* Task details: Every entry, from first to last, is to be written out exactly.

* Source data:
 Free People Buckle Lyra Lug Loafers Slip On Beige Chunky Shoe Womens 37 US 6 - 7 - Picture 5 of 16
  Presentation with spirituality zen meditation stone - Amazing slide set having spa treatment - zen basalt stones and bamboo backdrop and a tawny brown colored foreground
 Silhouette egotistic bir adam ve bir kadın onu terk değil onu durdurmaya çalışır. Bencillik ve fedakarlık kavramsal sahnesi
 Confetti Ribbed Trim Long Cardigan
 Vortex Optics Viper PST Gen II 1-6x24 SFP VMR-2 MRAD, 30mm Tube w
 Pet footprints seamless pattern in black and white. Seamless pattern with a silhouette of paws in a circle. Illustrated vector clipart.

* Exercise response:
 Free People Buckle Lyra Lug Loafers Slip On Beige Chunky Shoe Womens 37 US 6 - 7 - Picture 5 of 16
  Presentation with spirituality zen meditation stone - Amazing slide set having spa treatment - zen basalt stones and bamboo backdrop and a tawny brown colored foreground
 Silhouette egotistic bir adam ve bir kadın onu terk değil onu durdurmaya çalışır. Bencillik ve fedakarlık kavramsal sahnesi
 Confetti Ribbed Trim Long Cardigan
 Vortex Optics Viper PST Gen II 1-6x24 SFP VMR-2 MRAD, 30mm Tube w
 Pet footprints seamless pattern in black and white. Seamless pattern with a silhouette of paws in a circle. Illustrated vector clipart.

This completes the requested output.